REQUIRED WORK:
Copy nothing but the lines running from the one containing "David Studio925 Sterling" through the end of the listing below. Drop the pictures.
##### MATERIAL PROVIDED #####
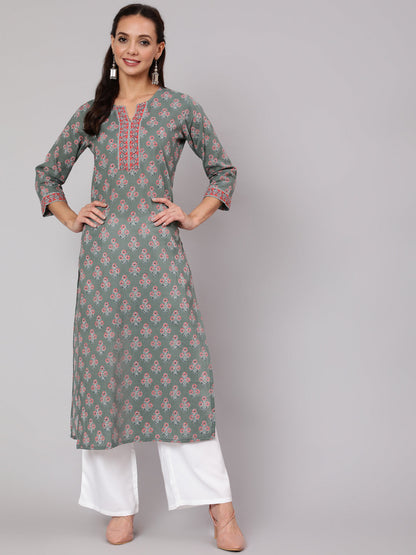 Women Grey Floral Printed Straight Kurta With Three Quarter Sleeves | LASVINI - Redefining Indian Fashion with Elegance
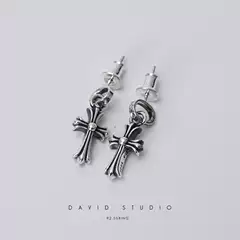 David Studio925 Sterling Silver Cross Unisex Couple Earrings Pendant Gd Style Trendy Punk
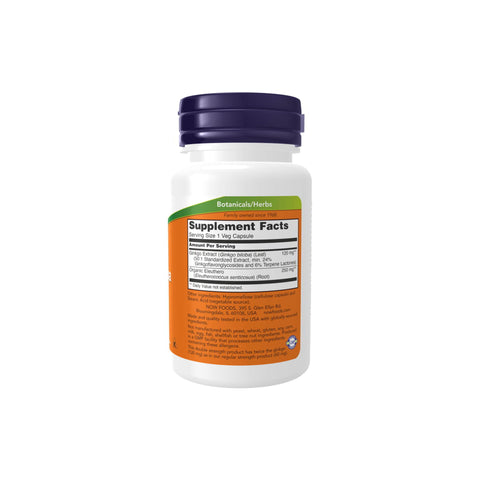 NOW Foods Ginkgo Biloba 120mg supplement bottle, supports brain health with standardized extract and 100 veg capsules.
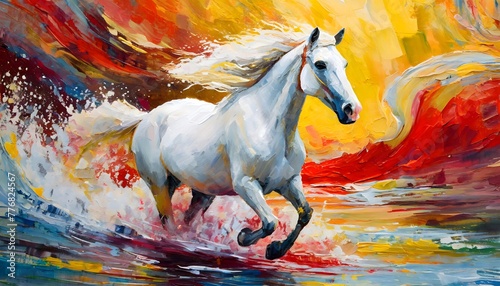 Abstract oil painting  running white horse on red water  color splash from the water  yellow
#####
PROBLEM SOLUTION:
 David Studio925 Sterling Silver Cross Unisex Couple Earrings Pendant Gd Style Trendy Punk
 NOW Foods Ginkgo Biloba 120mg supplement bottle, supports brain health with standardized extract and 100 veg capsules.
 Abstract oil painting  running white horse on red water  color splash from the water  yellow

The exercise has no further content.